Data supplied:
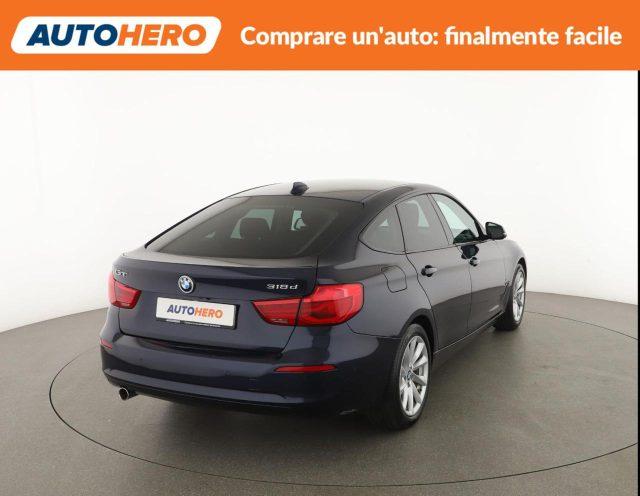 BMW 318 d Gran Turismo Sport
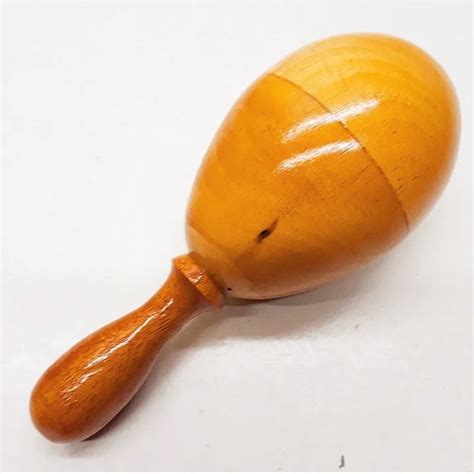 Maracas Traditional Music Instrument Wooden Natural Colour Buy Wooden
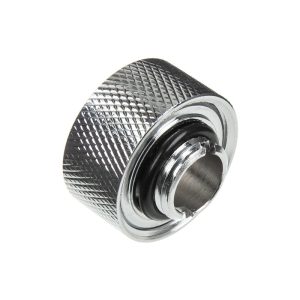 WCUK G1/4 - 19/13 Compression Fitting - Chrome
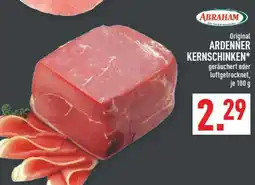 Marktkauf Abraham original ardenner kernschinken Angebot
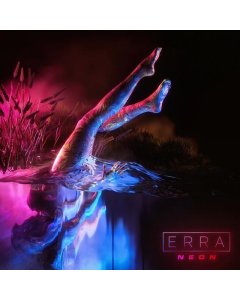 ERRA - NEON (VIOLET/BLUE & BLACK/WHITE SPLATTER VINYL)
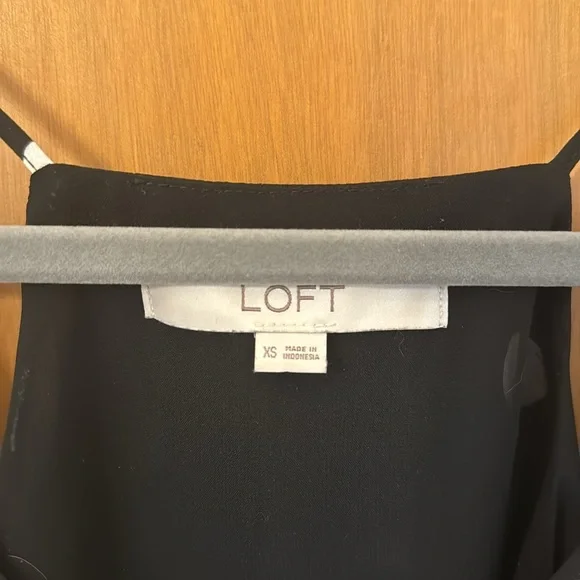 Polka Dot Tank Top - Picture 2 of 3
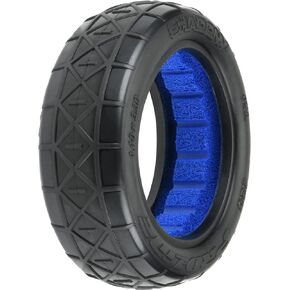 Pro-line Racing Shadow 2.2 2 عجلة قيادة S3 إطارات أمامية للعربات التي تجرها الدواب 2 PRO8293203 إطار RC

Work request:
Each line from the one bearing "Marktkauf Abraham original" through the final line of the records is to be copied exactly, and no pictures are to be included.

Written answer:
 Marktkauf Abraham original ardenner kernschinken Angebot
 ERRA - NEON (VIOLET/BLUE & BLACK/WHITE SPLATTER VINYL)
 Polka Dot Tank Top - Picture 2 of 3
 Pro-line Racing Shadow 2.2 2 عجلة قيادة S3 إطارات أمامية للعربات التي تجرها الدواب 2 PRO8293203 إطار RC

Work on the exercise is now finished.